I am trying to build a H-Bridge with 2 IR2110's controlled by a microcontroller.

Does the driver IC have shoot-through protection?

No.

I can't see anything mentioned about it in the datasheet...

That's because it doesn't have it.

although I remember reading somewhere that it does.

I do that frequently when I've been reading lots of datasheets. It's easy to get features of one confused with features of another.

I plan on using logic gates to prevent it.

Why? You're driving it from a microcontroller, right? You could compute the delay necessary, and build that into the program.

What other precautions do I have to make to get everything to work reliably?

This could be a long list of items.

Any advice or experiences would be greatly appreciated!

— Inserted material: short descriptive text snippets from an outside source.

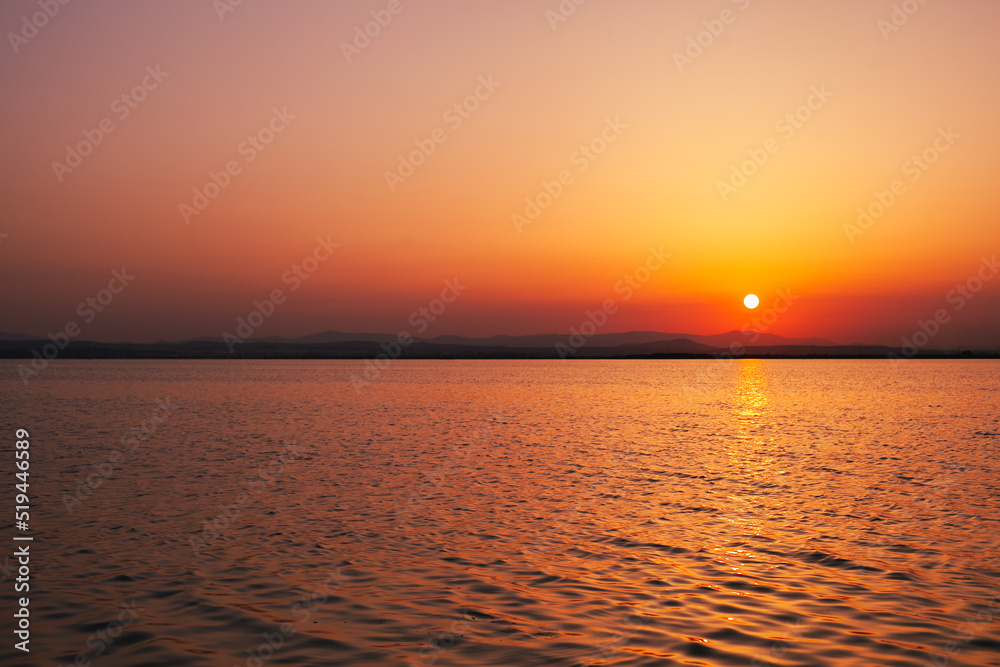 Colorful orange, yellow and red sunset over the water of lake with sun setting in the water. Natural park at sunset with distant silhouettes of mountains. Sunset landscape view from a boat. Traveling 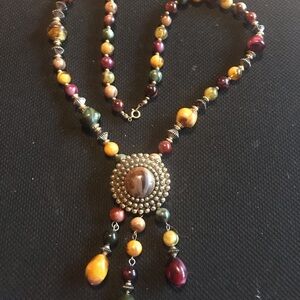 Really pretty beaded necklace in earth tones.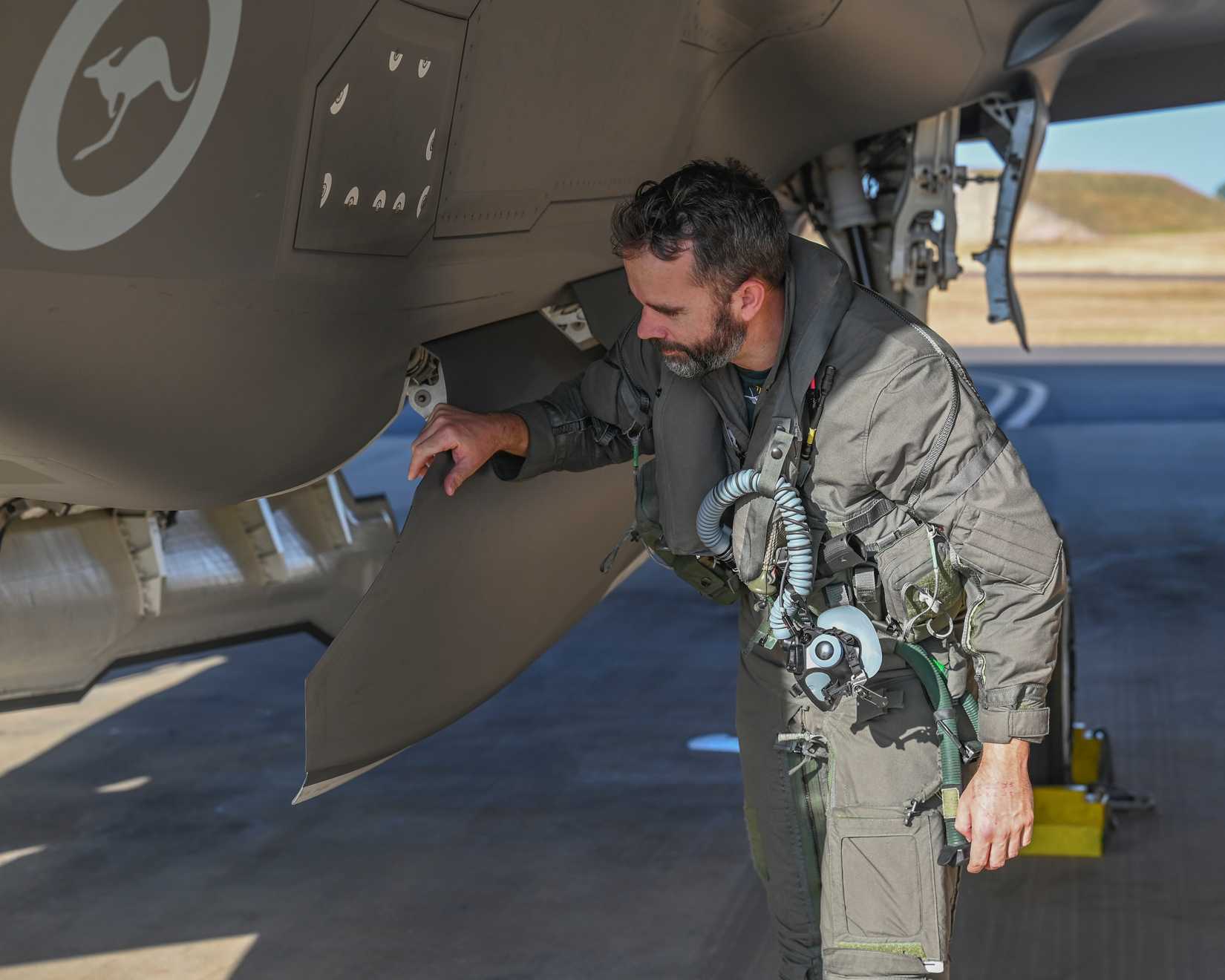 Royal Air Force Squadron Leader Daniel “Goffy” Goff, F-35B instructor pilot, performs preflight checks on a Royal Australian Air Force F-35A Lightning I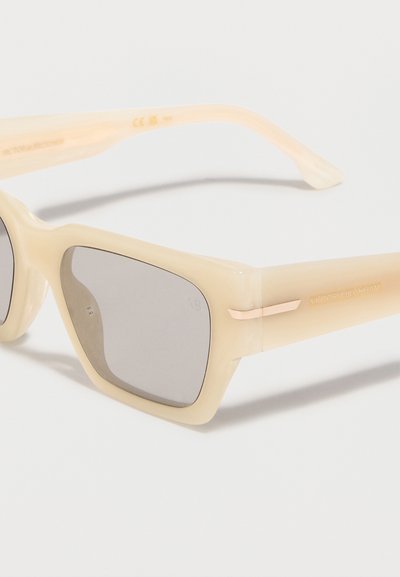 Μπεζ ορθογώνια γυαλιά ηλίου με ανοιχτό γκρι φακούς και χρυσές λεπτομέρειες στους βραχίονες, τοποθετημένα πάνω σε λευκό φόντο.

Well, you don't mention what you're using for MOSFETs, or the voltage/current being switched, type of load... a long list.

It would help a great deal if you posted your schematic as it currently exists, and explain your project more completely.

 

It will be a DC motor controller, 12V-24V up to 50-100A, maybe more depending on the MOSFET's and the motor. Currently I have IRFZ44N FET's but I would like to be able to swap to more powerfull ones, maybe use 2-4 in parallel if it doesn't add too much gate capacitance.

Currently I only have a half-bridge on a breadboard to test the IC. 10uF cap and 1N5819 diode for the bootstrap, 0.1uF and 47uF for the supplies, 10ohm gate resistors.

Thanks!

 

OK.

Keep in mind that IRFZ44's have been around for a number of years now; they're nearly obsolete.

You might want to have a look at a IXTH240N055T/IXTQ240N055T.
Would you believe, Vdss=55,Rdson=3.6mOhms,Id=240A?
http://parts.digikey.com/1/parts/1418716-mosfet-n-ch-55v-240a-247-ixth240n055t.html

You would need to scab on rather large conductors to a board to carry that much current and carry away heat. I'm thinking heavy-gauge copper sheet folded into "L" or "U" shapes.

If you're going to use PWM, and want the motor reversible, no sense in using PWM on both the high and low sides; just one or the other. That will eliminate the problem of shoot-through.

Keep in mind that you should avoid sudden reversal of the motor. You can use the H-bridge to brake the motor rapidly by turning on both lower sides or both upper sides of the bridge at once until the motor is stopped.

[eta]
"scab on" might be taken out of context here. It's really a term used in the construction industry.
In that context, it means to attach a piece of construction material (like another piece of wood or metal) to reinforce the original piece so that it can support more weight or stress.

In the context I used, I meant to convey the idea of sweat-soldering a much thicker piece of conductive material (specifically, copper sheet) to a PCB trace, so that it would not only be able to conduct much higher current, but to carry away heat.

 

Thank you for the recommendations!

Very nice MOSFET! I didn't know the Z44 was obsolete, I can buy it from ret.hu no problems, I think I saw them on ebay as well. For 50c a piece I think they are a bargain.

Do you mean turning the Low transistors completely on, PWM one of the upper FETs? I have seen that in App Notes but those were drivers with shoot through protect.

 

Thank you for the recommendations!

Very nice MOSFET! I didn't know the Z44 was obsolete, I can buy it from ret.hu no problems, I think I saw them on ebay as well. For 50c a piece I think they are a bargain.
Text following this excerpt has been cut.